----- DATA SUPPLIED -----

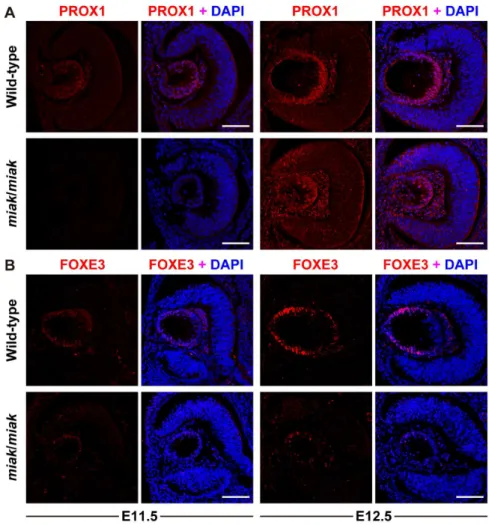 Figure 6. Localization and expression of the PROX1 (A) and FOXE3 (B) proteins during lens development in wild-type and miak mice at embryonic stages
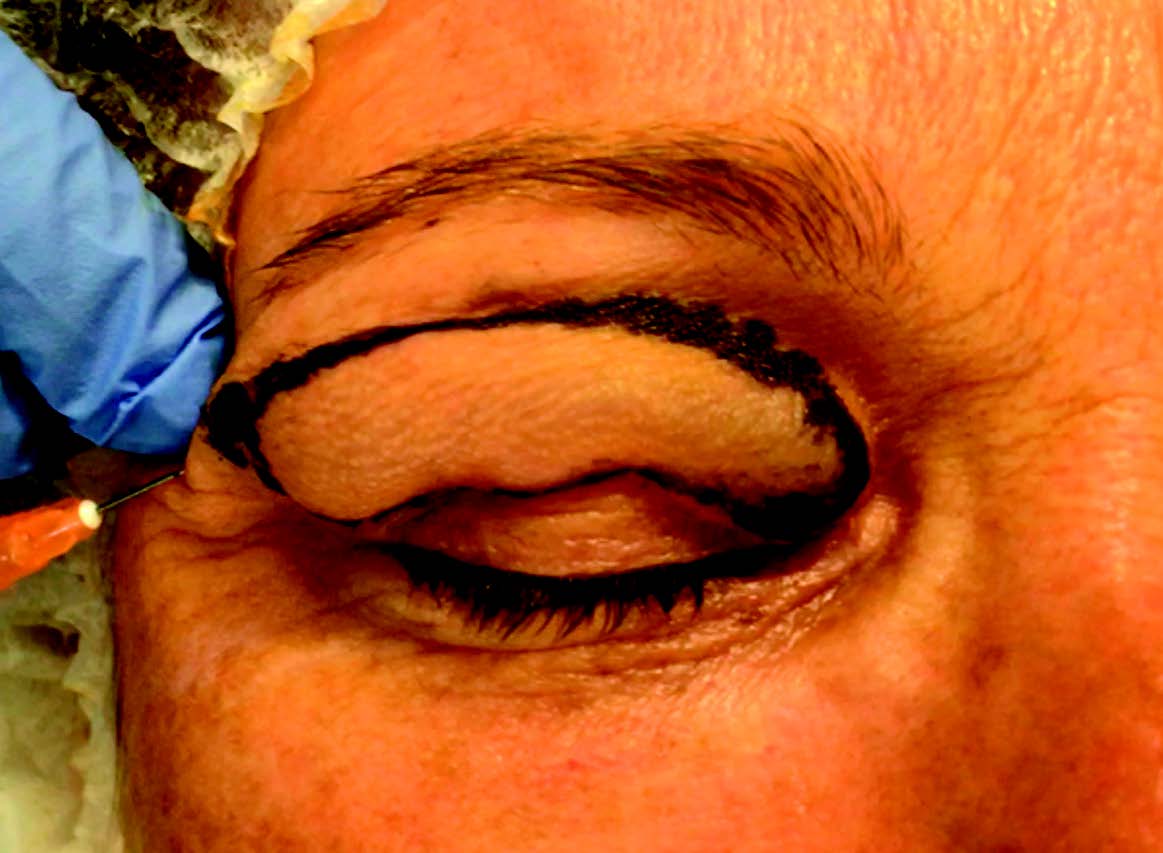 Figure 9. Infiltration de la paupière supérieure et bloc supraorbitaire.
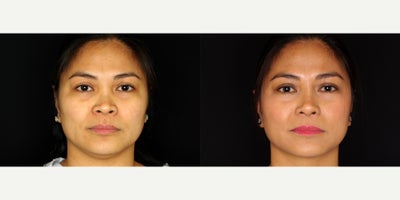 38 year old woman treated with Asian Rhinoplasty - 38 year old woman treated with Asian Rhinoplasty. Photos depict before and 10 months after surgery.
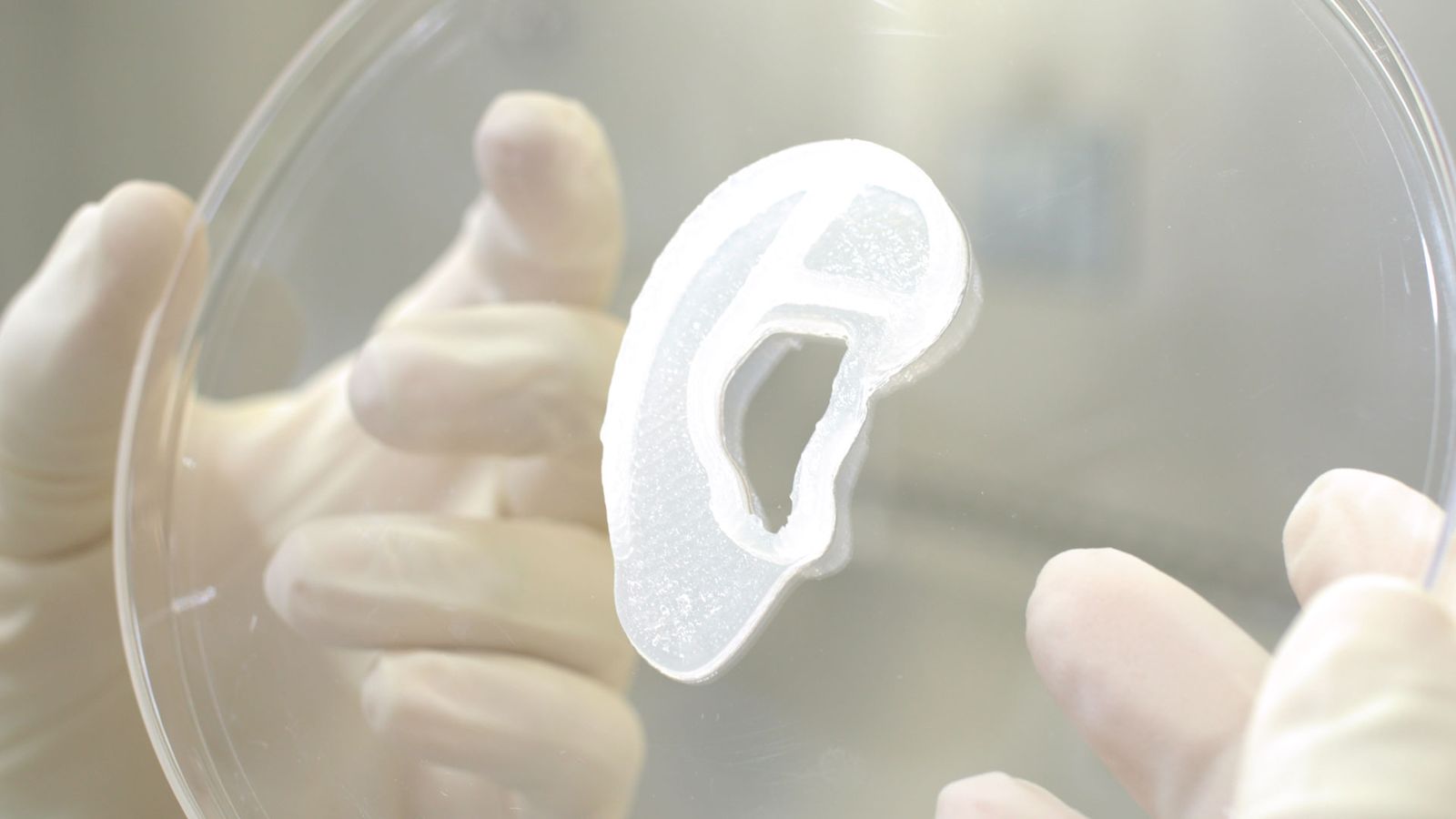 Surgeons Transplant 3-D-Printed Ear Made From Patient’s Own Cells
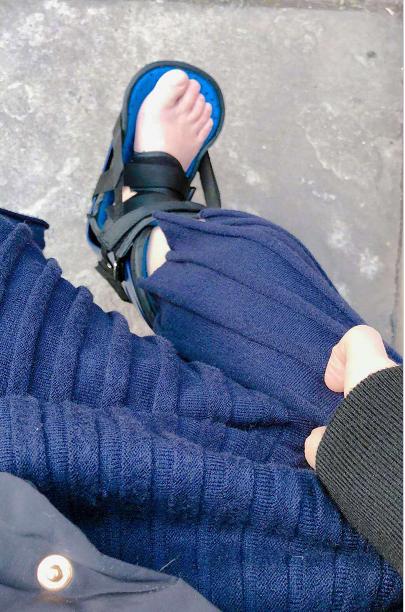 冯提莫因伤停播晒骨折照网友佩服这样也能受伤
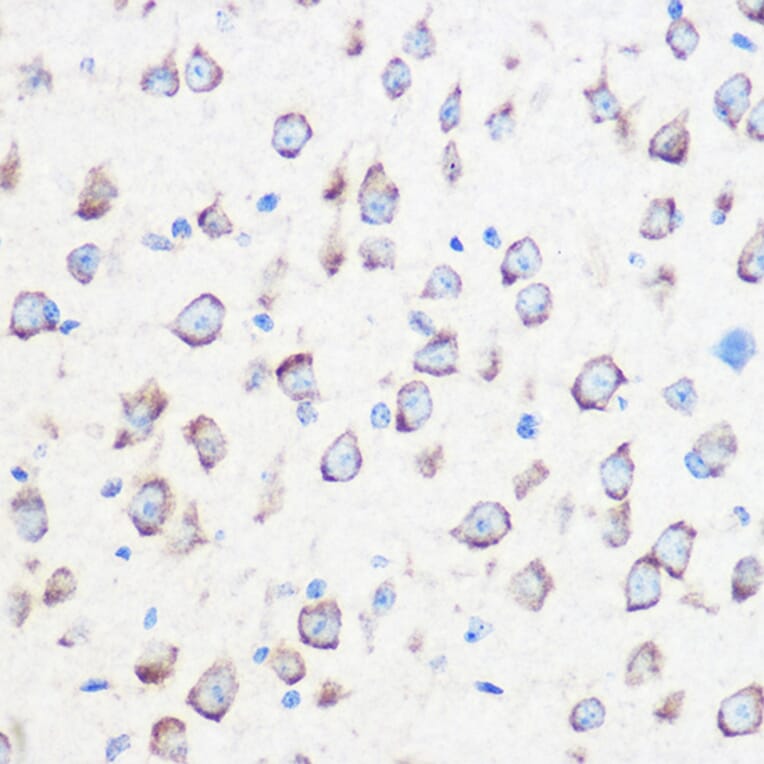 Immunohistochemistry - Anti-Calmodulin 1/2/3 Antibody (A88516) - Antibodies.com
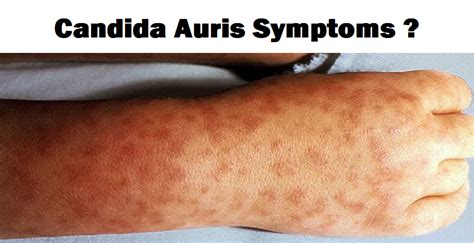 Effective Skin Care Tips for Candida Auris Symptoms . - Fit Foresight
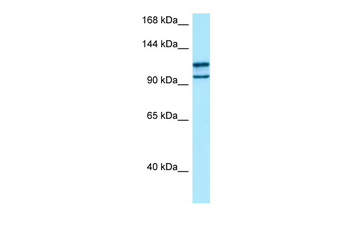 MYO10 Rabbit Polyclonal Antibody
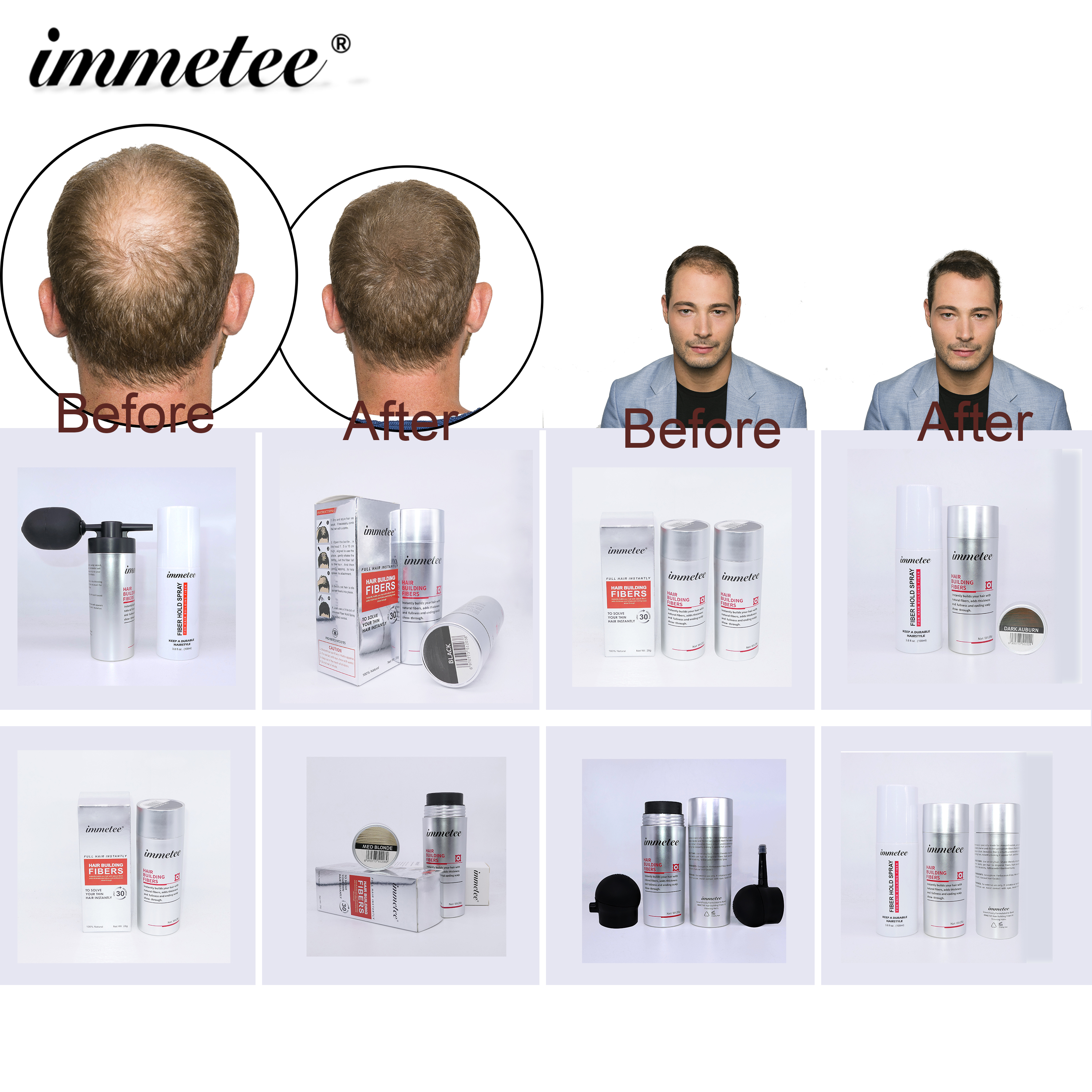immetee 28g Instantly Hair Growth Fiber Protein Hair Regrowth Treatment Hair Loss & Bald Patch Fiber 12 Color
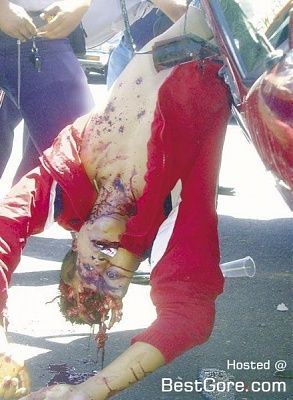head-crushed-accident-01-440x600.jpg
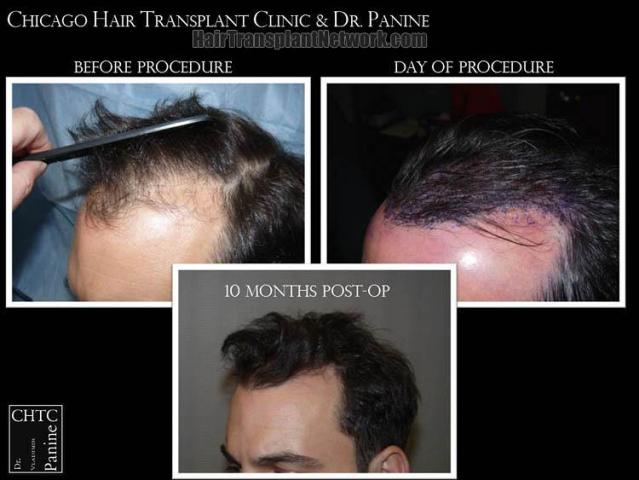 Hair transplantation surgery before and after photos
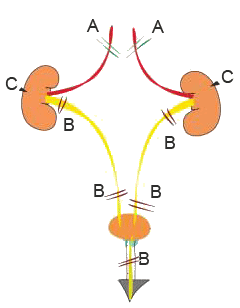 На рисунке: А — преренальная почечная недостаточность; Б — постренальная почечная недостаточность; В — ренальная почечная недостаточность.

-----

EXERCISE INSTRUCTIONS: Return word for word the line bearing "冯提莫因伤停播晒骨折照网友佩服这样也能受伤" and every later line of the entries, but none of the pictures.

OUTPUT OF THE EXERCISE:
 冯提莫因伤停播晒骨折照网友佩服这样也能受伤
 Immunohistochemistry - Anti-Calmodulin 1/2/3 Antibody (A88516) - Antibodies.com
 Effective Skin Care Tips for Candida Auris Symptoms . - Fit Foresight
 MYO10 Rabbit Polyclonal Antibody
immetee 28g Instantly Hair Growth Fiber Protein Hair Regrowth Treatment Hair Loss & Bald Patch Fiber 12 Color
head-crushed-accident-01-440x600.jpg
 Hair transplantation surgery before and after photos
 На рисунке: А — преренальная почечная недостаточность; Б — постренальная почечная недостаточность; В — ренальная почечная недостаточность.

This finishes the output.